Acara dibuka Pangkostrad Letjen Gatot Nurmantyo. Dia memberi apresiasi tinggi terhadap event ini.
"Saya berharap kejurnas full body contact dapat digelar rutin setiap tahun, karena tujuannya memang baik. Soal tempat, kita serahkan kepada PB FORKI (Pengurus Besar Federasi Olahraga Karate-Do Indonesia," kata Gatot, Minggu (26/1/2014).

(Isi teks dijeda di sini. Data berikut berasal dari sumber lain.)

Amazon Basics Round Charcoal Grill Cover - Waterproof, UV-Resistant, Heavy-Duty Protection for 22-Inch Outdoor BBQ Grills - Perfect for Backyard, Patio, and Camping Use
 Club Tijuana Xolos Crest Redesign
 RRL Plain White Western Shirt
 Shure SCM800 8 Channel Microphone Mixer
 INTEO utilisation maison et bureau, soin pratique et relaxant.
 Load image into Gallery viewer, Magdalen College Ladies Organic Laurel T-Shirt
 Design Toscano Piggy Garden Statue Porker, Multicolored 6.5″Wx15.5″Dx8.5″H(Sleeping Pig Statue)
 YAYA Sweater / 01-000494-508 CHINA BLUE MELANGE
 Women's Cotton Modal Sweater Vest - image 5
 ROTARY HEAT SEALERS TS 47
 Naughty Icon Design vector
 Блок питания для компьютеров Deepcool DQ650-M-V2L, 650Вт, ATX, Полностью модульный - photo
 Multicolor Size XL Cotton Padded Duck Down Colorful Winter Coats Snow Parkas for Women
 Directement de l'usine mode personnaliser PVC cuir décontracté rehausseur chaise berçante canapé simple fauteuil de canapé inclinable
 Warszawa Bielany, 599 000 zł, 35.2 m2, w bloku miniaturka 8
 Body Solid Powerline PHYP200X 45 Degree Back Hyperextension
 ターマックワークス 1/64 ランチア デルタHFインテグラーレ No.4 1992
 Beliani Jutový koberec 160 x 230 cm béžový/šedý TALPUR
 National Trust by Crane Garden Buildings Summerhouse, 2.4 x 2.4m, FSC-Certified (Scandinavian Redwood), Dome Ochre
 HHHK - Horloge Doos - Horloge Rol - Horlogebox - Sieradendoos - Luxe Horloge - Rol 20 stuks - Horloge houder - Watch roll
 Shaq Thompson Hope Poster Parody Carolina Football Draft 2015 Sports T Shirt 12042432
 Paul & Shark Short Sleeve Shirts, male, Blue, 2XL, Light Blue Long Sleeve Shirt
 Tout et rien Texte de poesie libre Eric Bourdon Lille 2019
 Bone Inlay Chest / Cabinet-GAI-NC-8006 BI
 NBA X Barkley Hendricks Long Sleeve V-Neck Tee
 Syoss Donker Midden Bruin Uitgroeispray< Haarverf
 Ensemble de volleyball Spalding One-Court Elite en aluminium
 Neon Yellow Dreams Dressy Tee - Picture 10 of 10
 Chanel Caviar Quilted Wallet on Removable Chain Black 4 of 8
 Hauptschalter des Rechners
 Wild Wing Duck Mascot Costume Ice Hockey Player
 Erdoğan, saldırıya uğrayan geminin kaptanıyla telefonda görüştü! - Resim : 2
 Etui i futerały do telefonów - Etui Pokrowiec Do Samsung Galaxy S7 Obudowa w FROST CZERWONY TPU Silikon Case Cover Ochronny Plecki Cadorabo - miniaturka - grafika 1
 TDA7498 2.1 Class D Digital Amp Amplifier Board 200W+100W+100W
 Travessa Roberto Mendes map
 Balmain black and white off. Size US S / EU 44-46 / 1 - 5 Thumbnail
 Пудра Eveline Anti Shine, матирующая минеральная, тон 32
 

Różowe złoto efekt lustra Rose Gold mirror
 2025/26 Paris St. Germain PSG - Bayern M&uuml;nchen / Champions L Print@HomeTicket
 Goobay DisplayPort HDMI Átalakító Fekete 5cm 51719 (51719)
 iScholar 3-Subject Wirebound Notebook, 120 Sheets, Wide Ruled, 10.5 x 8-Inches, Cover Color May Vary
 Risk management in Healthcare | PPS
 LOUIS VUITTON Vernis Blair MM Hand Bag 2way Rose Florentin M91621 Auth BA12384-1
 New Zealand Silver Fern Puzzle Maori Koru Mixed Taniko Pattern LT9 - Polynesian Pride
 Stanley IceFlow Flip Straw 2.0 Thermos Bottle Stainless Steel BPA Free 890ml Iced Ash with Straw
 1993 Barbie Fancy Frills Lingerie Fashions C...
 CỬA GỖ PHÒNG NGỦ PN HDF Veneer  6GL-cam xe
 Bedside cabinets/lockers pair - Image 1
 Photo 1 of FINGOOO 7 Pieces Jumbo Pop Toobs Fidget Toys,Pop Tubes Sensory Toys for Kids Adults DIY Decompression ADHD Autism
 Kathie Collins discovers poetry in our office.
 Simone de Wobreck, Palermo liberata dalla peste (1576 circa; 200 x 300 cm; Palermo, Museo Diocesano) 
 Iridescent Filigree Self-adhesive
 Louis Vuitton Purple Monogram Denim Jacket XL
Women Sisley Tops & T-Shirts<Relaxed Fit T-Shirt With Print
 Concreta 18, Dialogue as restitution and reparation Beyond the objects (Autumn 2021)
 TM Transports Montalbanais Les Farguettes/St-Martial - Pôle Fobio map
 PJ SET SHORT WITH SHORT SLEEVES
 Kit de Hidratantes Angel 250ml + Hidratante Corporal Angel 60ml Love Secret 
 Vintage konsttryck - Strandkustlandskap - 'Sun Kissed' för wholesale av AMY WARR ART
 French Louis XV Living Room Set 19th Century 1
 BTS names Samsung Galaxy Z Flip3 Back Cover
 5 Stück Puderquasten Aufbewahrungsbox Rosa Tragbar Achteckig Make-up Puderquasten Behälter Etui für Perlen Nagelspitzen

Gatot sangat mendukung kejuaraan tersebut karena dinilai bisa melahirkan pemuda-pemuda yang punya jiwa patriotisme tinggi.

"Saya mendukung, karena olahraga bela diri apapun untuk membela bangsa. Even ini bisa melahirkan patriot-patriot baru yang dapat membela bangsa dan negara," tegas Gatot.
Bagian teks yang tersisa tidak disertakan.